***** Exercise inputs

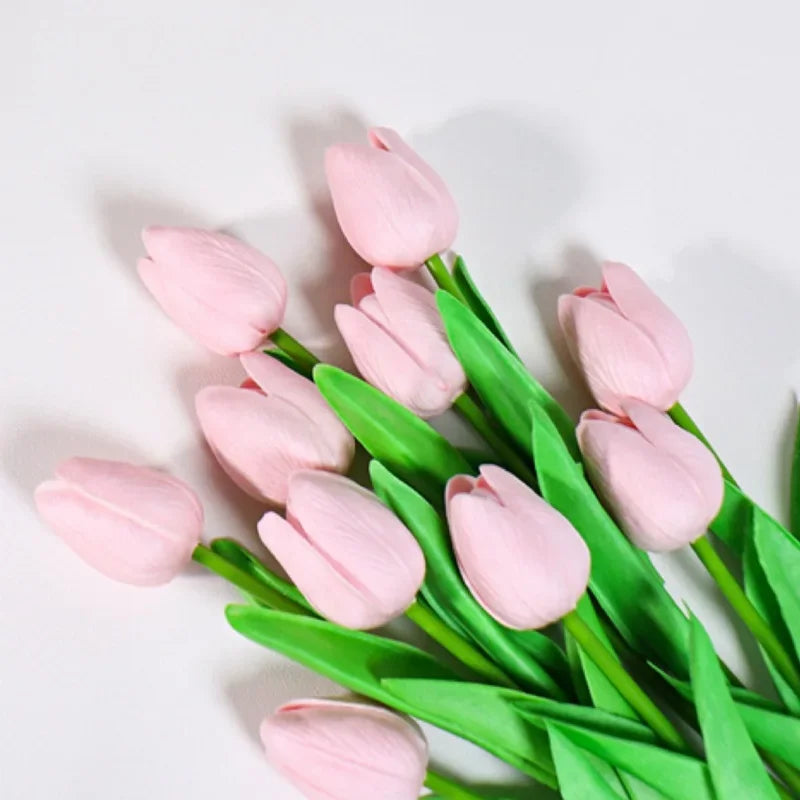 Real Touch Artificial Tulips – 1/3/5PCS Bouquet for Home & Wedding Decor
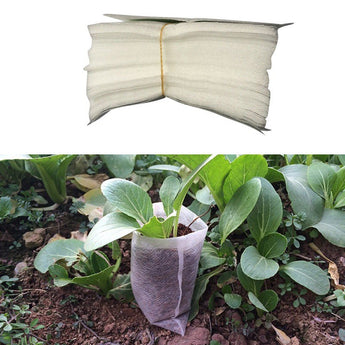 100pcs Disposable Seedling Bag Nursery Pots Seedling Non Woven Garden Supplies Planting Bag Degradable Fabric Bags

**********
***** Exercise inputs

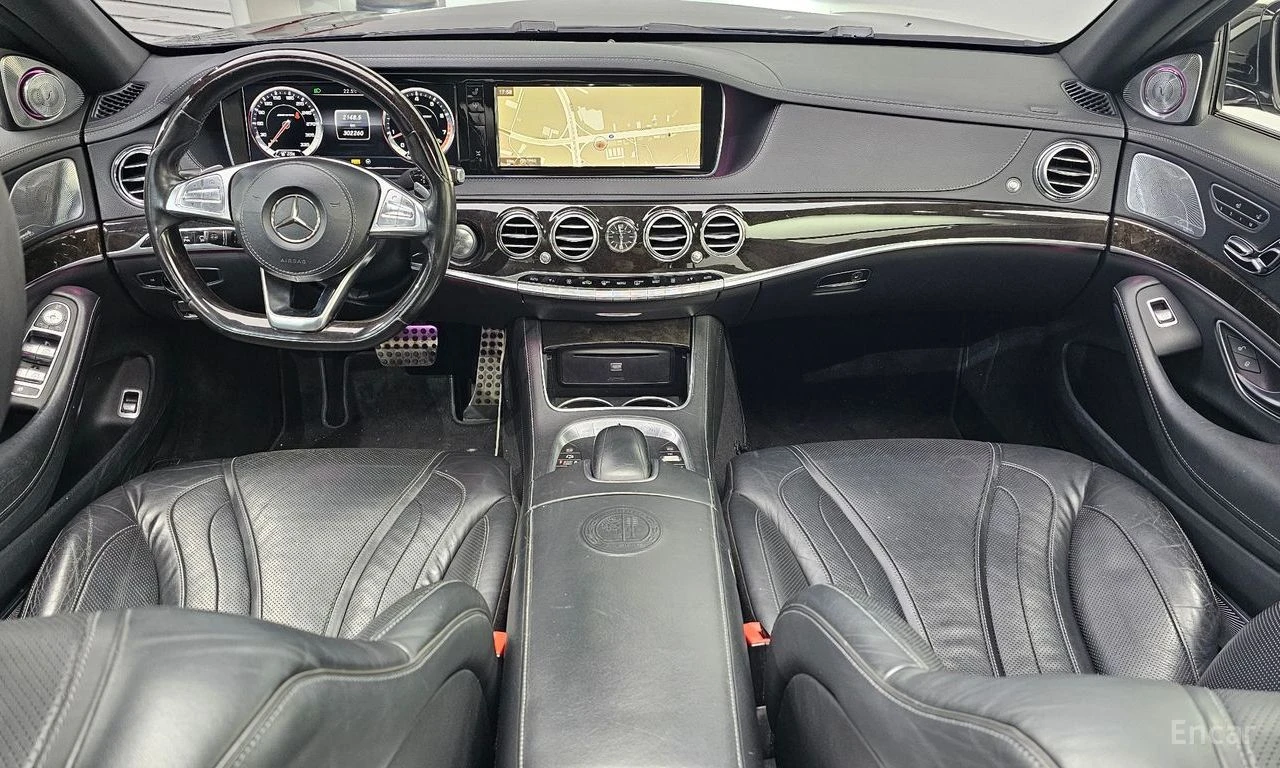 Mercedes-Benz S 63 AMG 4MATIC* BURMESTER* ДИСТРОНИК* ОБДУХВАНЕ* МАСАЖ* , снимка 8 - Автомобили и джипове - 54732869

**********

• _Instructions for the task_:
Beginning with the line holding "Real Touch Artificial" in the material above, restate word for word each line through the line holding "100pcs Disposable Seedling", and exclude pictures.

• _Completed task_:
 Real Touch Artificial Tulips – 1/3/5PCS Bouquet for Home & Wedding Decor
 100pcs Disposable Seedling Bag Nursery Pots Seedling Non Woven Garden Supplies Planting Bag Degradable Fabric Bags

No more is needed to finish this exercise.